Abdominal pain Your next period may be later than expected or more painful
If you are actually vomiting within two hours of taking Levonelle or three hours of taking ellaOne then it will be necessary to seek medical attention as you will either need to repeat the dose or have an IUD fitted

If the symptoms persist for more than a few days you may need to seek medical attention:

  • You think you may be pregnant
  • Your next period is more than a week late
  • Your period is shorter or lighter than usual
  • You have sudden abdominal pain in which case a fertilised egg may have implanted outside the uterus, also known as an ectopic pregnancy

In the case of the IUD, complications of having them fitted are rare but may include:

  • Pain
  • Infection
  • Damage to the uterus
  • Expelling the IUD
  • Heavier, longer and more painful periods

Where can you obtain emergency contraception?

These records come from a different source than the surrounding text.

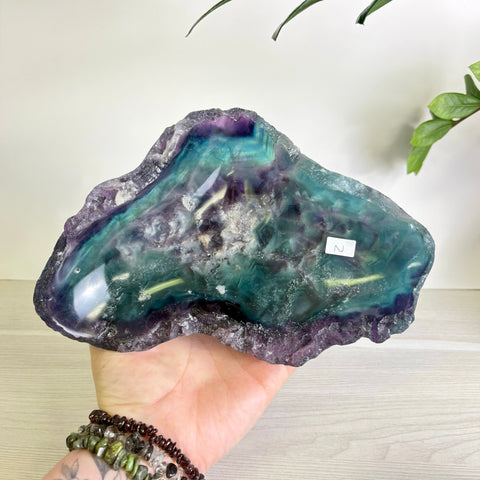 Handheld polished fluorite bowl featuring vibrant swirls of deep purple and teal with a raw, natural crystal edge.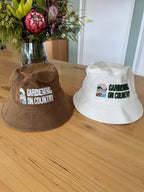 brown-white-kids-size-bucket-hat-sun-protection-sitting-on-bench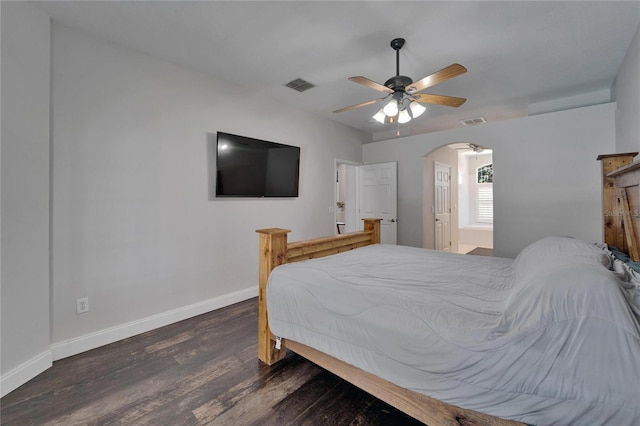 bedroom with arched walkways, visible vents, baseboards, and wood finished floors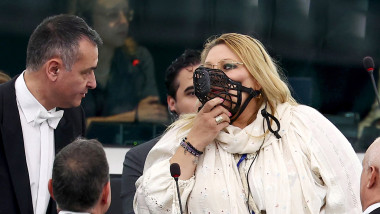 MEP Diana Iovanovici Sosoaca (R) wears a muzzle in european parliamnent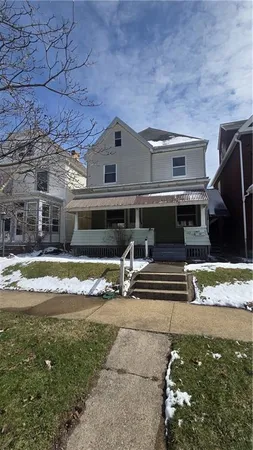 a view of house with outdoor space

An IUD has to be fitted by a healthcare profession either at a sexual health clinic, GP surgery or contraception clinic. This service is free of charge on the NHS.
In the case of the morning after pill there are a number of places where Leonelle and ellaOne can be obtained for free. They include:

  • Contraception clinics
  • Brook centres
  • Some pharmacies
  • Most sexual health or genitourinary medicine clinics
  • Most NHS walk in centres and minor injuries units
  • Most GP surgeries
  • Some hospital A&E departments

It is also possible to buy the morning after pills from most pharmacies, high street and online as well as organisations such as British Pregnancy Advisory Service and Marie Stopes.

The price of Levonelle can vary hugely and can vary anywhere from £13 to £25. However, if you are under sixteen years old you will need to get a prescription from a doctor
If you are under sixteen years old you can buy ellaOne without a prescription and the cost will be anywhere between £20 and £35.


Emergency contraception is freely available in the UK and is also available free of charge on the NHS. There is no reason for any woman to proceed with a pregnancy that is truly not wanted and this has changed the lives of many women in this country.

A prescription is only necessary if you are under sixteen years old and specifically want to use Levonelle.